Robert, who was called Bobby by friends, worked as a photographer for the Chicago Defender, and Muhammad Speaks, the official newspaper of the Chicago-based Nation of Islam. Sengstacke was the first non-Muslim photographer to work for Muhammad Speaks. He also worked as a photographer for other newspapers owned by Sengstacke family. He later became editor of the Chicago Defender and president of Sengstacke Newspapers.
During his long career, Sengstacke photographed prominent African Americans, including Dr. Martin Luther King Jr., Muhammad Ali, James Brown, Gwendolyn Brooks, and Amiri Imamu Baraka.
His black and white photo compositions “Spiritual Grace” and “Saviour’s Day” are included in the “We Shall Overcome: Photographs from the American Civil Rights Era” exhibit.
The traveling exhibit was organized by the Smithsonian Institution Traveling Exhibition Service. Sengstacke was one of seven photographers who documented the African-American struggle for equality between 1955 and 1968.
His work also appeared in most Black Arts Movement anthologies of the 1960s and 1970s. Getty Images sold his photographs and his work was exhibited in Germany, in other parts of the world and at the Daley Center in Chicago’s Loop.

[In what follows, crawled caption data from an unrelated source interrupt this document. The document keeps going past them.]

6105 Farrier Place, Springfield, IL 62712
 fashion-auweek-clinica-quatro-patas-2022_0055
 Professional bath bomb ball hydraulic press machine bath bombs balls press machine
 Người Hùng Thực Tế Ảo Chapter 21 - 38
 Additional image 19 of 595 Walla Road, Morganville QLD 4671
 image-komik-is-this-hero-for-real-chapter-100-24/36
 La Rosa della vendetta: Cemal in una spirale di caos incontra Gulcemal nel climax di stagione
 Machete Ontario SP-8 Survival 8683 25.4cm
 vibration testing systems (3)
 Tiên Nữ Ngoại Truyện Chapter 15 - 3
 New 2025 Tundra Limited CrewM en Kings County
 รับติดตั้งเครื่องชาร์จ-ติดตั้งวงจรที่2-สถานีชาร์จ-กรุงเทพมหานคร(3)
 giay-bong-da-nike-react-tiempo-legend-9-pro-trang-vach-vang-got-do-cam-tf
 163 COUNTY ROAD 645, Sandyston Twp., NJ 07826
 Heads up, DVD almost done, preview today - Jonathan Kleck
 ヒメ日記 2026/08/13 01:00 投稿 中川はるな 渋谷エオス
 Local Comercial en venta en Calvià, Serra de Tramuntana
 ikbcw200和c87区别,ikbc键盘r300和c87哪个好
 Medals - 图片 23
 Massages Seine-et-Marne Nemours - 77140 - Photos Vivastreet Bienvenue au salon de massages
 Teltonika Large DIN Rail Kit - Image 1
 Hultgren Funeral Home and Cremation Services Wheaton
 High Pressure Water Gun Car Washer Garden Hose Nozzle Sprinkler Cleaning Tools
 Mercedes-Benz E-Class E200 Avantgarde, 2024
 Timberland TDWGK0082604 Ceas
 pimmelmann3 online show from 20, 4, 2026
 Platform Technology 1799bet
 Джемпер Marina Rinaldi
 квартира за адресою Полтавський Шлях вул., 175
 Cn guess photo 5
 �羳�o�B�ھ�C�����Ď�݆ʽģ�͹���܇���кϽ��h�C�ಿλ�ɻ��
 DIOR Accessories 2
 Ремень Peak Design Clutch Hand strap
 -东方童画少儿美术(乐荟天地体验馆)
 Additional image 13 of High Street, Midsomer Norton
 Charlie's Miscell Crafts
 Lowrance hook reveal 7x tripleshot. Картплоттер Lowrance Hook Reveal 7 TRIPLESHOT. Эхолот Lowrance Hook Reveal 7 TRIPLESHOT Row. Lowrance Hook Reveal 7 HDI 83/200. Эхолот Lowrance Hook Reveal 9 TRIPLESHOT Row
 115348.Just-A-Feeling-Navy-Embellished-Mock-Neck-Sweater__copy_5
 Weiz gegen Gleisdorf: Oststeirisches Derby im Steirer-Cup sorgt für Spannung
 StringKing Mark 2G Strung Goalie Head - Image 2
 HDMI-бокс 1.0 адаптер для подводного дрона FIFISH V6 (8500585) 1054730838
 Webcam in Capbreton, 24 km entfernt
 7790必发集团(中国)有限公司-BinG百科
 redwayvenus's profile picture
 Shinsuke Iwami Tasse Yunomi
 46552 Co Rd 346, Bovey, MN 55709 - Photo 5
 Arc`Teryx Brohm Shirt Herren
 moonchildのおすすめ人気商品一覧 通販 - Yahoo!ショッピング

I purchased a photo from Bobby Sengstacke of James Brown and Muhammad Ali riding in a Cadillac convertible during the 1966 Bud Billiken Day Parade, an annual back-to-school parade founded by the Chicago Defender after seeing it at the Daley Center. The photograph hangs on my office wall.
John Herman Henry Sengstacke was the nephew of Robert Sengstacke Abbott, who founded the Chicago Defender on his landlady’s kitchen table in 1905, according to the 1955 biography “The Lonely Warrior: The Life and Times of Robert S. Abbott,” by Roi Ottley. Abbott built the Defender into a nationally known newspaper. Sold by Pullman Porters, the Chicago Defender encouraged blacks to leave the South and move to the North where there was work. Myiti Sengstacke Rice, Bobby’s daughter, wrote “Chicago Defender,” a book about the newspaper that was published in 2012.
Bobby Sengstacke was born May 29, 1943, in Chicago. He attended the University of Chicago Lab School, Howalton Day School in Chicago, and Hyde Park High School, also in Chicago. He graduated from Central YMCA High School in Chicago.
He attended Bethune Cookman University in Daytona Beach, Fla., for three years before returning to Chicago.
He is survived by his wife, Jacquelyn Sengstacke and their two children, Domenic and Jasmine. He is also survived by his first wife, VeeLa Sengstacke-Gonzales and their children, Omhari, Hasani and Myiti.